I'm trying to understand the definition of weak derivatives. In many textbooks, usually the ordinary derivative version is presented as an illustration. However, once moving on to the partial derivatives, the following definition is directly given.
If $u$ and $v$ are locally integrable functions on a nonempty open set $\Omega\subset \mathbb{R}^n$ such that, for every $\varphi \in C_0^\infty(\Omega)$, $$\int_{\Omega}u \frac{\partial \varphi}{\partial x_j} dx =-\int_\Omega v\varphi dx,$$ then $v$ is said to be the weak $j$-th partial derivative of function $u$.

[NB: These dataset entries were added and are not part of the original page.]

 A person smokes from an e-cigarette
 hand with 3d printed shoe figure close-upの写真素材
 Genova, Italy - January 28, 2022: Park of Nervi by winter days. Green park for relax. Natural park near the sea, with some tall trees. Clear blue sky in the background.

My understanding is, if we further assume $u\in C_0^1(\Omega)$, then we have, by Fubini's theorem, $$\int_{\Omega}u \frac{\partial \varphi}{\partial x_j} dx =\int_{\Omega^j}d \sigma^j \int_{\text{slice of }\Omega \text{ on } x_j}u \frac{\partial \varphi}{\partial x_j} dx_j.$$ But then we need 3 more results: 1) since $\Omega$ is open in $\mathbb{R}^n$, every slice is also open in $\mathbb{R}$; 2) every nonempty open set in $\mathbb{R}$ is a countable union of open intervals; 3) $u\to 0$ when $x_j$ approaches every end point of these open intervals, while the values of other $x_i$'s are fixed. Only then, can we carry out the integration by parts and arrive at $$\int_{\Omega}u \frac{\partial \varphi}{\partial x_j} dx =-\int_{\Omega}\frac{\partial u}{\partial x_j} \varphi dx,$$ which is consistent with the definition above.
Question: Do we absolutely need those 3 results while doing the integration by parts? Or is it overkill?
Thanks in advance.
You more or less sketched the proof of the divergence theorem without boundary, see e.g. https://en.wikipedia.org/wiki/Divergence_theorem#Proofs The divergence theorem states for $f\in C^1(\overline{\Omega},\mathbb{R}^n)$ with $\Omega$ having $C^1$-boundary, that $$\int_\Omega \operatorname{div}f\, dx = \int_{\partial\Omega}f\cdot\nu\, dA$$ and $\nu$ is the outer unit normal of $\Omega$. In dimension $1$, this is the fundamental Theorem. If you now put $f_i = uv$ and $f_j=0$ for $i\neq j$, you obtain $$\operatorname{div}f = \partial_iu v + u\partial_iv,$$ which by divergence theorem leads to $$\int_\Omega u\partial_i v\, dx = -\int_{\Omega}\partial_i uv\, dx,$$ if $u,v\in C^1(\overline{\Omega})$ and one of them has compact support in $\Omega$ (hence the boundary term disappears). This formula is also called partial integration and is the reason for the definition of weak derivates. So to answer your original question: You more or less have to do what you did to obtain the result in the smooth case. It just has already been done in the divergence theorem.
Edit: You can simplify your proof a bit and only really need Fubini: Since $\varphi$ has compact support, you can without loss of generality assume $u$ and $\varphi$ are smoothly extended by zero outside of $\Omega$. Then you can work on $]-R,R[^n$ instead of $\Omega$ for a big enough $R>0$ and do the same calculations you did.